STUDY MATERIAL below:

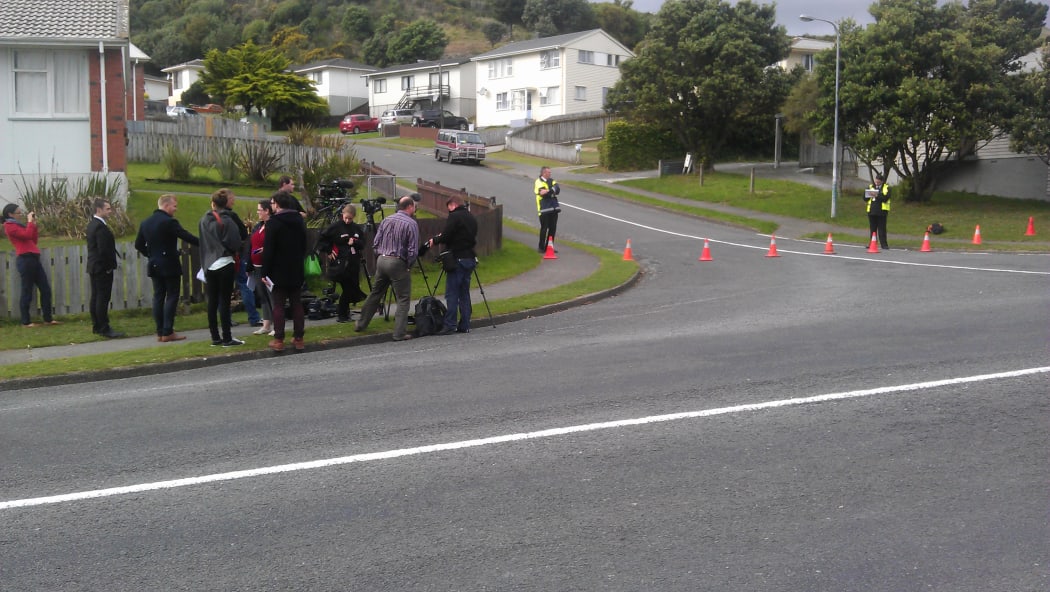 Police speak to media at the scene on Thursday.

End of STUDY MATERIAL.
STUDY MATERIAL below:

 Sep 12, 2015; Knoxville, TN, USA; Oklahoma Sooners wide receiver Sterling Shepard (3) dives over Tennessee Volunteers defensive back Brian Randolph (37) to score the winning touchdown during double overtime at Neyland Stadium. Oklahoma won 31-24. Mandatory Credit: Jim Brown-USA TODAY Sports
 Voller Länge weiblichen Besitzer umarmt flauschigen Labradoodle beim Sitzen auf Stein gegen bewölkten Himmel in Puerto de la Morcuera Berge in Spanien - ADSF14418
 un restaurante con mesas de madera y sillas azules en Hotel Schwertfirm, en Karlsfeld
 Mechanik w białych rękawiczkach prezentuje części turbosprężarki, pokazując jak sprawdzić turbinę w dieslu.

End of STUDY MATERIAL.
STUDY MATERIAL below:

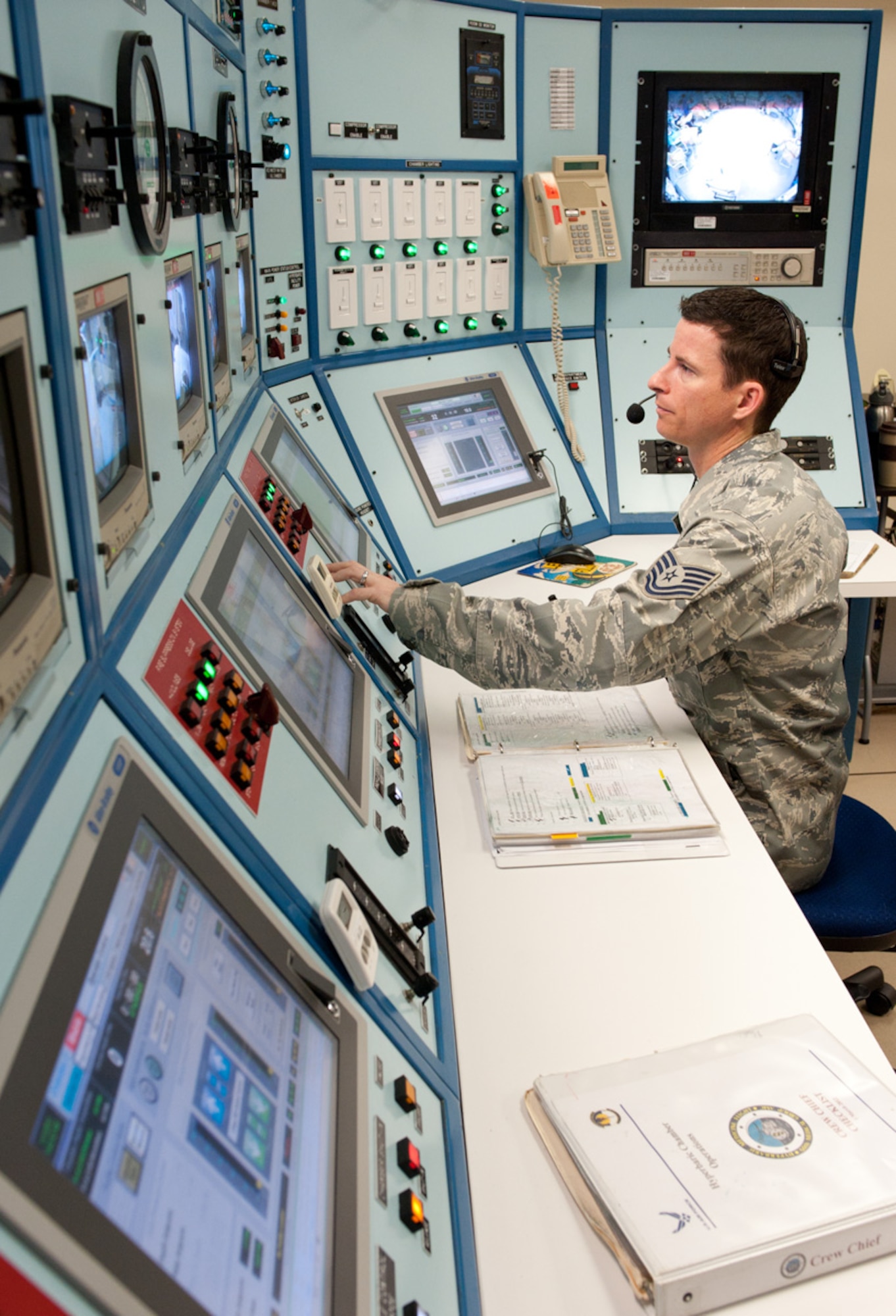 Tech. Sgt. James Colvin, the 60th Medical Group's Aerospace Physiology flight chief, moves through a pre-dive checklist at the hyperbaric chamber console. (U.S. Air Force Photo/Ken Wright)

End of STUDY MATERIAL.

__WHAT YOU NEED TO DO__: Could you reproduce exactly the lines of the entries above, from the one with "Sep 12, 2015;" through the one with "un restaurante con", and nothing else?

__SOLUTION TO THIS TASK__:
 Sep 12, 2015; Knoxville, TN, USA; Oklahoma Sooners wide receiver Sterling Shepard (3) dives over Tennessee Volunteers defensive back Brian Randolph (37) to score the winning touchdown during double overtime at Neyland Stadium. Oklahoma won 31-24. Mandatory Credit: Jim Brown-USA TODAY Sports
 Voller Länge weiblichen Besitzer umarmt flauschigen Labradoodle beim Sitzen auf Stein gegen bewölkten Himmel in Puerto de la Morcuera Berge in Spanien - ADSF14418
 un restaurante con mesas de madera y sillas azules en Hotel Schwertfirm, en Karlsfeld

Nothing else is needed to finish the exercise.